IIPC RSS webinar: Web archiving social media and news websites
IIPC Research Speaker Series (RSS) focuses on the research use of web archives and features presentations of use cases, collaborative projects and new tools for researchers. This webinar will introduce four recent projects which focus on different aspects of capturing social media and frequent updates on news websites, particularly in the context of rapid response and event-based collections.
- The BESOCIAL Team: BESOCIAL – towards a sustainable social media archiving strategy for Belgium
- Gillian Lee & Ben O’Brien: Archiving Twitter in New Zealand
- Alex Osborne: Chronicrawl for capturing news content
BESOCIAL – towards a sustainable social media archiving strategy for Belgium
KBR, Royal Library of Belgium launched the BESOCIAL project in Summer 2020. The aim of this two-year project (2020-2022) is to set up a sustainable strategy for archiving and preserving social media in Belgium. Initially, the objective is to archive social media content related to certain Belgian events selected during the project, as well as the social media content related to the KBR’s newspaper collections. Furthermore, the project will explore how to open up the social media archive for use. These collections will complement the collections of websites archived during the PROMISE project (2017-2019). The BESOCIAL project team is led by KBR and includes: CENTAL (Centre for Natural Language Processing) at Université Catholique de Louvain, CRIDS (Research Centre in Information, Law and Society) at Namur University, GhentCDH (Ghent Centre for Digital Humanities), IDLab (Internet Technology & Data Science Lab) and MICT (Research Group for Media, Innovation and Communication Technologies) at Ghent University.
Archiving Twitter in New Zealand – Gillian Lee & Ben O’Brien
The National Library of New Zealand has been collecting tweets via the public Twitter API since late 2016. Our collecting has centered around NZ based events. On March 15th 2019, we started rapidly collecting tweets in response to the Christchurch Mosque attacks. This presentation will cover our rapid response collecting, workflows for post-processing Twitter data, and working with subsequent researcher requests.

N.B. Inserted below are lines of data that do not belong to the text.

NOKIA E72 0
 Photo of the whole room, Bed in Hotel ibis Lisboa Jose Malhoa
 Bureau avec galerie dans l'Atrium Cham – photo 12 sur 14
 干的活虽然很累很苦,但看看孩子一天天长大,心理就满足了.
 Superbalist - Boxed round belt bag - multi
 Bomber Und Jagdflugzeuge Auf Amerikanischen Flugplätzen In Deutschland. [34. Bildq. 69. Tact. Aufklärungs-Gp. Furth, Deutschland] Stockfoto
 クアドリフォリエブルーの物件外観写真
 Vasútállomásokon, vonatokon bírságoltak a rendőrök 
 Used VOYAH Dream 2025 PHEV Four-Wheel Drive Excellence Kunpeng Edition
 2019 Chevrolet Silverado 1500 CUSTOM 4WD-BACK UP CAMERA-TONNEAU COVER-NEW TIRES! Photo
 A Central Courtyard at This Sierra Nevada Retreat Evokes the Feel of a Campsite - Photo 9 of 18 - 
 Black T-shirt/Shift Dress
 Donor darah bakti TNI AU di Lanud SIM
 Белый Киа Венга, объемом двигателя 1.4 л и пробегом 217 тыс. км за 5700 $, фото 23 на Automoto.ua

Chronicrawl for capturing news content – Alex Osborne
The National Library of Australia has been experimenting with an alternative web crawling model based around scheduling revisits of individual pages rather than recrawling the whole website. Chronicrawl, is a prototype browser-based crawler that explores the problem of capturing frequently changing pages such as the front pages of news websites while capturing pages that change infrequently such as individual news stories at a slower rate. In addition to manual scheduling rules Chronicrawl has automatic scheduling mode that makes use of information from sitemaps and as well as adapting a schedule over time based on its own observations of whether content has changed.